Well, they're nothing if not ambitious. This London-based unit is a sound salad of Sonic Youth, MBV, Joy Division, and Siouxsie/Banshees with shades of shoegaze and a socio-political bite: They're post-punk all grown up. Unlike others who've worshipped at this altar—like vacuous posers She Wants Revenge—Savages have something to add to the legacy. With a presence that is surprisingly mature, they may just be one of the best girl bands that ever was—though, limiting to the status of a girl band is unfair; they're a powerful force regardless. If anything they beg the question, if this is what it sounds like when women pick up the (post-punk) weapons, why aren't their more bands like this? Their branding has been exquisite. Check their videos, they look like teched-up French New Wave. MTV's 120 Minutes could've used some of this. This is a band to watch.
Shut Up with a Fight Club style intro:
This is what they sound like live:
179) Sleater-Kinney, Dig Me Out, Everything: More great gynocentrism that transcends the novelty of gender.

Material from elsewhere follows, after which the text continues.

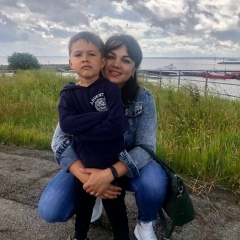 Амина Киселева, 14.09, Санкт-Петербург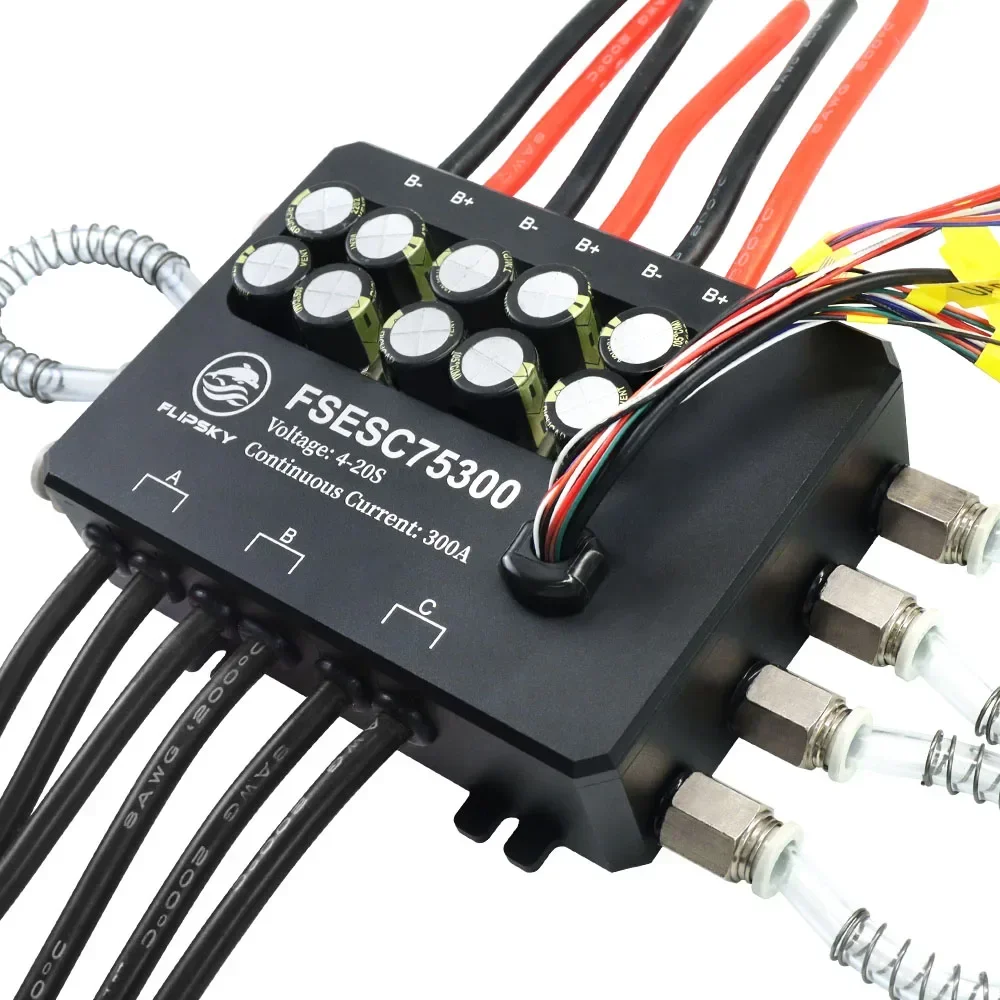روبوت قتال على لوح التزلج FSES - مراجعة Vesc 75300 High Current Esc وسعره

This is thoughtful female crotch rock from a crotch that makes best use of its cleft. Unlike their male counterparts, their guitars aren't just extensions of their phalli—or clitori, as the case may be—but are more like rocket effigies set to launch Corrin Tucker's impressive voice. Their fundamental, bass-free, low budget arrangements and cheap guitars only help to make their sound more pure and concise. The effect is one of deceptive simplicity, like a Picasso on a cocktail napkin. This is the power trio as it should be, without all the indulgence and instrumental wanking and just enough filigree to keep things interesting.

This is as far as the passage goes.